For Harry, who will celebrate his 39th birthday in Germany, the Games is a hugely important personal project – one of the sole remaining legacies from his time as a working royal and a hugely successful initiative of which he is incredibly proud.
This year’s event will mark a notable milestone – an opportunity to reset, to change the narrative. After months of headlines about Royal family feuds and the bitter recriminations that accompanied the personal revelations made in his memoir, the Games will allow him to re-establish his reputation on the world stage. Not as the petulant spare to the heir but as a leader, a military veteran and a champion of the healing power of sport.

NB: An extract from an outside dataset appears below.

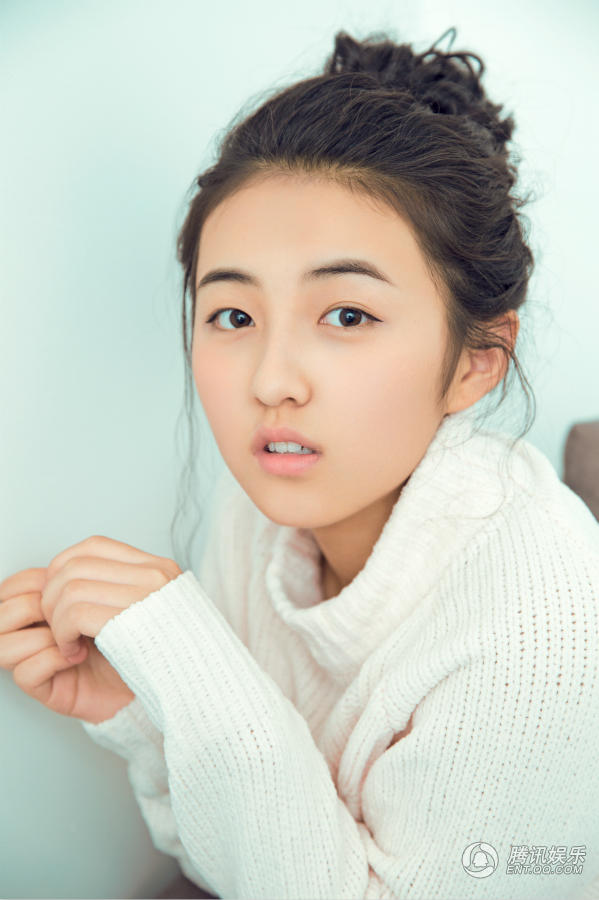 高清:张子枫曝文艺写真 清新纯美展温暖笑容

“They are done with their former lives,” one source close to them insisted. “They’re not talking about family. There’s no expectation that the family’s going to show up or acknowledge it or that anybody wants to see him. It’s over.”
As an event founded during his time as a working royal, the Games also serves as a reminder of what might have been.
One friend tried to encapsulate the complex emotions that it stirs. “Invictus is so important to him and is very much a part of his former life,” they said.
“It shows there could have been a world in which a hybrid model could have worked. But it also shows that in his new world, and in his new life, he’s still capable of accomplishing the things that are so very important to him.”
The Games is considered Harry’s “baby”, a project on which he has long thrived and in which he takes immense pride. “It will enable him to remind people who he is, but also show them who he plans to be,” another friend says. “He’s nervous, because he’s an empath. It’s also a huge undertaking. He’s also so excited and enthused.”
For the Duke and Duchess as a couple, the event has long been integral to their public image. It was at the 2017 Games in Toronto that they made their first public appearance together and it has been a joint venture ever since.
As such, this year’s outing could not be better timed – an opportunity to step out hand-in-hand amid persistent (yet totally unfounded) rumours of trouble in their marriage and unsubstantiated tabloid headlines about trial separations and splits.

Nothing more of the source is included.